Community Perspective – Dan Hendrycks

Dan Hendrycks Dan Hendrycks

Nuclear war, bioweapons, large-scale cyberattacks—these disaster scenarios are not ones we would typically associate with everyday conversation. But Dan Hendrycks’ line of research is hardly typical. As an AI safety researcher examining the potential risks of AI, they are frequently a subject of study.

“[Initially] AI systems could barely do arithmetic, but by 2024, they got a silver medal in the International Mathematical Olympiad,” says Hendrycks.“The capabilities—and risks—of AI systems can change very quickly.”

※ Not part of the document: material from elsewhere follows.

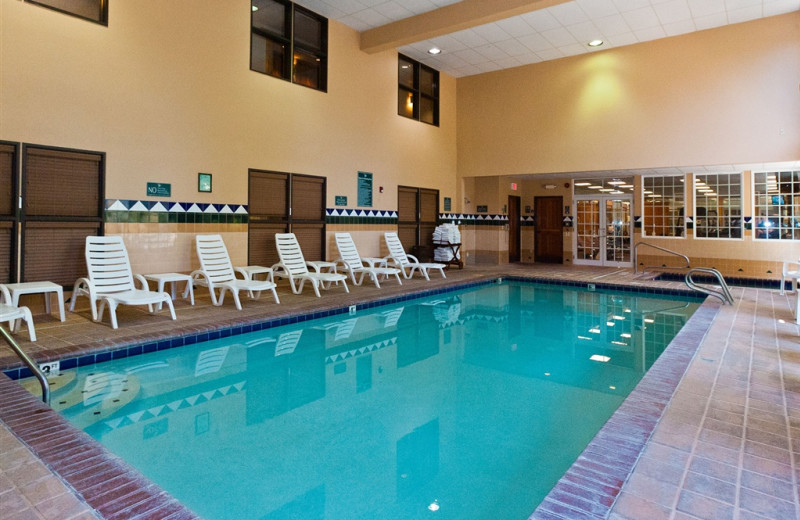 Indoor pool at The Heathman Lodge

Dan Hendrycks is a 2023 AI2050 Early Career Fellow and Executive Director of the Center for AI Safety. He has developed methods used in state-of-the-art AI models, as well as contributed influential benchmarks for robustness and large language models to the field. He was featured on the 2025 Forbes 30 Under 30 list for AI, Vox’s 2024 Future Perfect 50 list, and the inaugural Time100 AI list in 2023. He also serves as an advisor to xAI and Scale AI.

Hendrycks’ focus is on mitigating societal-scale risks posed by AI. His AI2050 project develops representation engineering, which involves breaking AI systems down into subsystems that are easier to control and reprogram. This project addresses Hard Problem #3, which involves solving issues of safety, control, and alignment in powerful AI systems.

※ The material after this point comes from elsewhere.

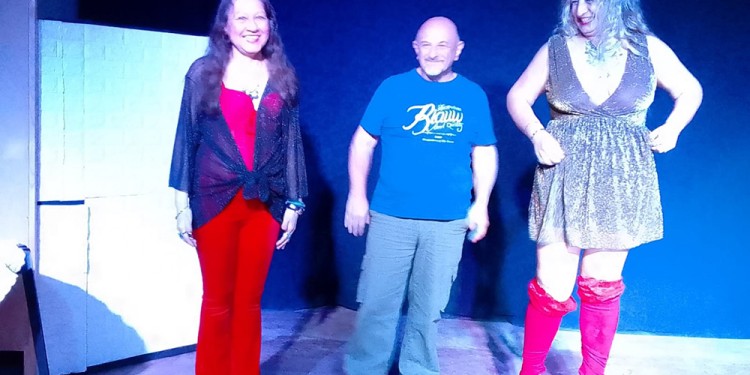 SUBE EL TELÓN. Los viernes y sábados de agosto, y la primera semana de septiembre se presenta El Club de las Bataclanas.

The AI2050 initiative gratefully acknowledges Fayth Tan for assistance in producing this community perspective.

What are the risks that AI safety researchers are concerned about?

People focus on a variety of different forms of malicious use and misuse. One form of misuse could be people creating disinformation with AI, and while that’s concerning, there are more extreme forms of malicious use, such as weaponizing AIs for cyber attacks or bioweapons development. My focus is on estimating AI’s capability to make a bioweapon or conduct a cyber attack on critical infrastructure.

We’re also focused on developing safeguards to ensure AI systems can’t be used maliciously. That means making them more robust to jailbreaking, for instance, so that people can’t weaponize them. Additionally, we need to develop evaluations to know when a given AI system is capable of dangerous behavior, so that we are prepared and can mitigate those risks.

How are those estimations of risk developed?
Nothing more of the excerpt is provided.